This is an automated email from the ASF dual-hosted git repository.

chia7712 pushed a commit to branch trunk
in repository https://gitbox.apache.org/repos/asf/kafka.git


The following commit(s) were added to refs/heads/trunk by this push:
     new 7b5d4cacedc KAFKA-20362 Fall back to GitHub handle when reviewer email 
is unavailable (#22108)
7b5d4cacedc is described below

commit 7b5d4cacedc6da352f402e621681055ea3fc1823
Author: Ming-Yen Chung <[email protected]>
AuthorDate: Wed Apr 22 21:35:01 2026 +0800

    KAFKA-20362 Fall back to GitHub handle when reviewer email is unavailable 
(#22108)
    
    Fix https://github.com/apache/kafka/pull/21928#issuecomment-4284041251.
    
    When a reviewer has "Keep my email addresses private" enabled, their
    real email is unreachable through either the commits API (GitHub
    rewrites the author email to the `@users.noreply.github.com` form on
    squash-merge) or the GitHub user profile (which typically returns null).
    The previous script wrote that noreply email, or a
    `{login}@email-not-found` placeholder when both tiers missed, into the
    `Reviewers:` trailer -- neither identifies the reviewer.
    
    This PR adds two fallbacks, in order:
    
    1. **Tier 3 -- past Reviewers: trailers in `git log`.** Once a reviewer
       has been credited with a real email in any earlier merged PR, match
       by name and reuse that email.
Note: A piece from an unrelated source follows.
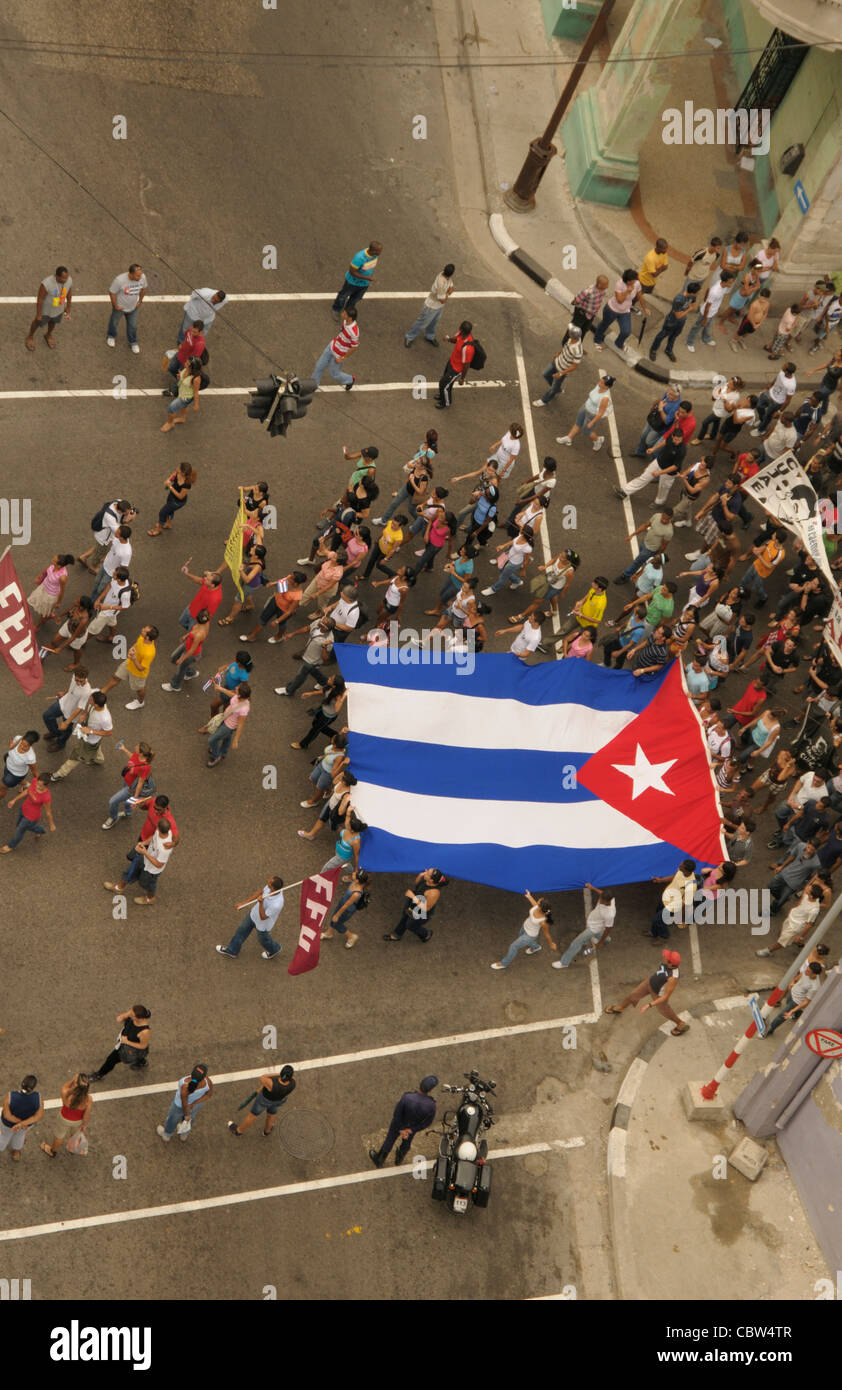 Persone che trasportano bandiera cubana in una manifestazione in strada nella vecchia città di Havana, Cuba Foto Stock
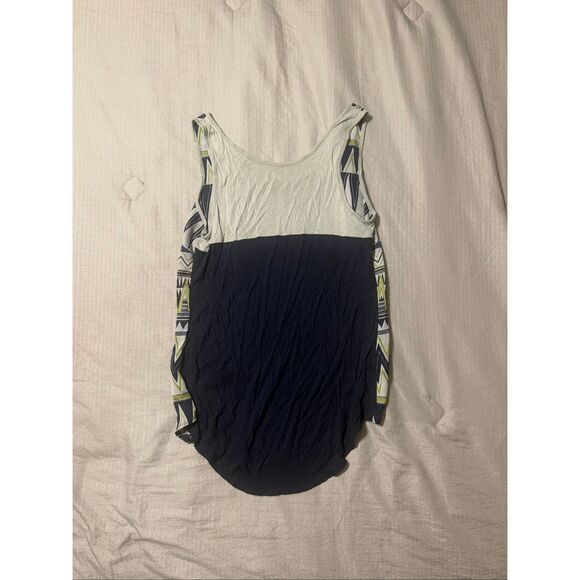 Women’s Bundle of size Small Summer tops - Picture 3 of 17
This makes real-email attribution
       "sticky" even after a reviewer later enables email privacy on
       GitHub.
    2. **`Name (@login)` fallback.** When no usable email can be resolved
       from any tier, fall back to the GitHub handle, which is stable,
       public, and unambiguously identifies the reviewer.
    
    Reviewers whose real email is recoverable from any tier continue to use
    the existing `Name <email>` form.
    
    Kafka committers typically count reviewer contributions by grepping `git
    log` for the reviewer's name, e.g., `git log | grep -i Reviewer | grep
    -i "Ming-Yen Chung" | wc -l`. Since the name portion is preserved in
    both `<email>` and `(@login)` forms, this change does not affect those
    counts.
    
    **For first-time reviewers who want to be credited by email instead of
    `(@login)` (subsequent PRs are handled automatically by Tier 3):**
    - **Tier 2 (works immediately, recommended):** set **Settings → Profile
      → Public email**. Verify with `gh api "users/<login>"` -- the `email`
      field should be non-null.
    - **Tier 1 (only after your first merged commit in apache/kafka):**
      disable **Settings → Emails → Keep my email addresses private** before
      committing. Verify with
      `gh api "repos/apache/kafka/commits?author=<login>&per_page=1"` --
      returns `[]` if you have no commits in the repo yet, and the author
      email is the noreply form if privacy was on at commit time.
    
    Reviewers: Chia-Ping Tsai <[email protected]>
---
 .github/scripts/pr-format.py | 73 +++++++++++++++++++++++++++++++++-----------
 1 file changed, 56 insertions(+), 17 deletions(-)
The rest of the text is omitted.